I wrote this for Fayetteville’s alternative paper Grapevine in 1992, and republished it in the Ozark Gazette, and later in my book - just for fun - Ozark Mosaic.
Television networks change their names and ownership like human beings change socks, so most might be forgiven if they don’t remember that ABC Family was created in 1977 as an extension of televangelist Pat Robertson's Christian television ministry - thus ultimately inspiring this piece of lunacy. Though my fantasies of Heaven Trek never came about, there was a revisionist piece of Bonanza drivel offered - though no gospel singing, at least on the episodes I watched, being the Bonanza junkie that I am.
Like the later Star Wars movies, the less said about that series, the better. Maybe once Rick Santorum gets elected president, someone will come up will similar ideas for shows . . .
The Family Values Television Network
Space, the Final Frontier. These are the voyages of the starship Evangelist. Her eternal mission - to seek out new life, and new forms of corruption - to bring fire and brimstone to a liberal universe. To boldly go where no zealot has gone before! - Heaven Trek
A political war is waging across the country at this moment, with potential consequences that would rival any from the so-called Gulf War. It is a war for the hearts and minds of Americans everywhere.
While Bill Clinton courts the Hollywood “intellectuals” (those of dubious intellectual capacity, but with those all-important big bucks), George Bush is busily touting the old traditional “family values” that helped propel Ronald Reagan to the White House so many years ago. This despite the fact that no one seems able to exactly define those values, except that Beaver Cleaver would probably know them when he saw them.
The smart money at the moment is on Bill Clinton; George Bush, for all his protestations, is president of an America far removed from reality. Still, Truman did defeat Dewey, and so we should be prepared for anything, come election day. Thus it was that Booker Blish, whom I let copy from my exams back at Penn State, called me late one night last week, all excited about yet another of his doubtful brain storms.
After reaffirming my suspicions that he wasn’t calling to tell me that he had the money he still owed me, he launched into his latest plan, FVTV.
“What’s that?” I asked. “Some sort of all-terrain vehicle?”

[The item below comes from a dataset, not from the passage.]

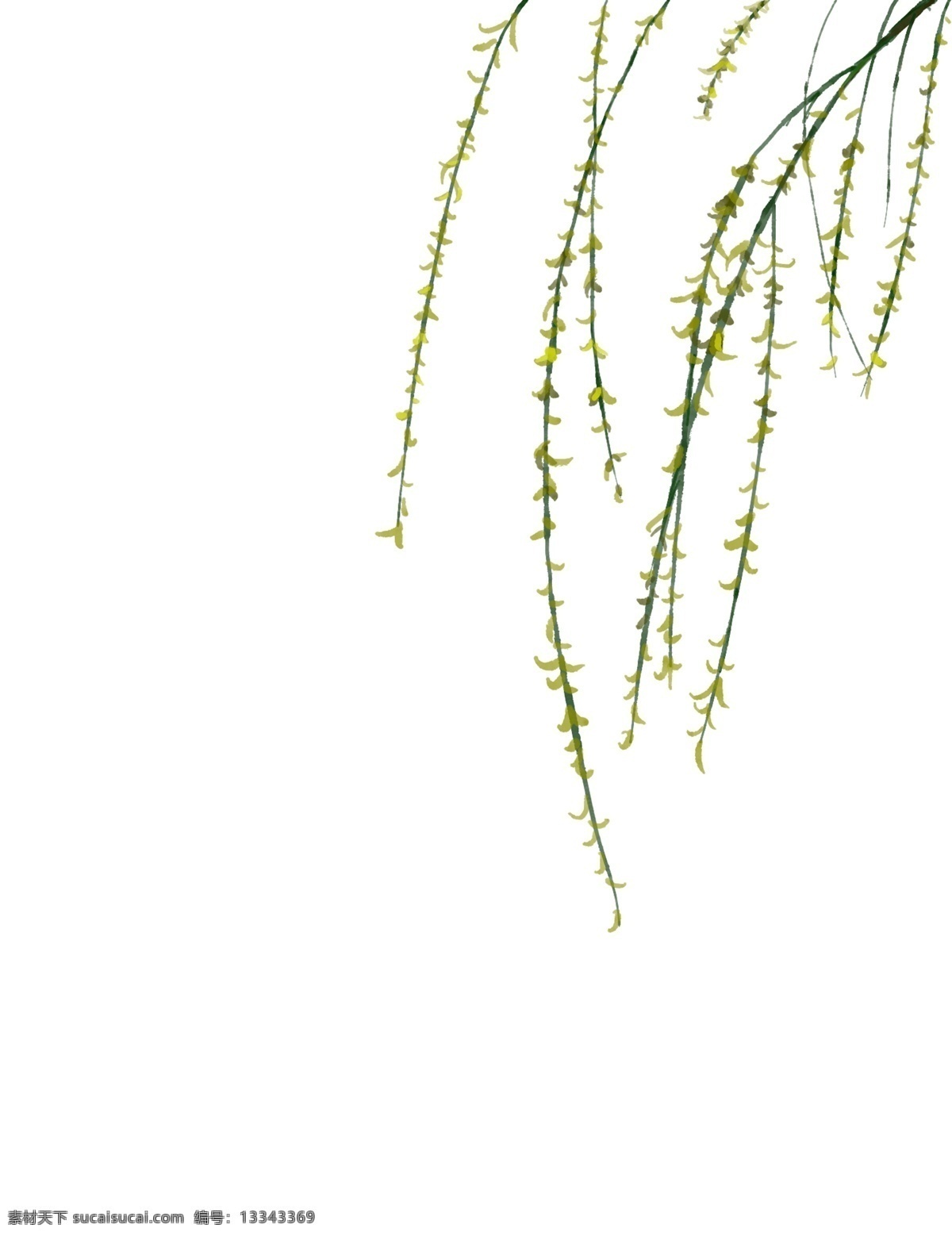 清明节 漂浮 柳叶 手绘 漂浮柳叶 柳树 手绘风吹柳叶 清明节装饰 柳枝 柳条 清明节海报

“No,” he laughed. “It stands for Family Values Television. You see, right now the whole country is having a great laugh at Dan Quayle for attacking Murphy Brown the way he did, and then having to admit that he had never watched the program in the first place. But what happens come election day, and the Bush/Quayle ticket comes in with a resounding win?”
“I don’t know,” I had to admit. “Perhaps Rod Serling will pop out of the woodwork, and confirm what we’ve all suspected about the last ten years or so, that it has all been an episode of The Twilight Zone?”
“No, but you're not that far wrong. Remember the old Family Hour on television? Well, imagine an entire network with programming based on those old family values?”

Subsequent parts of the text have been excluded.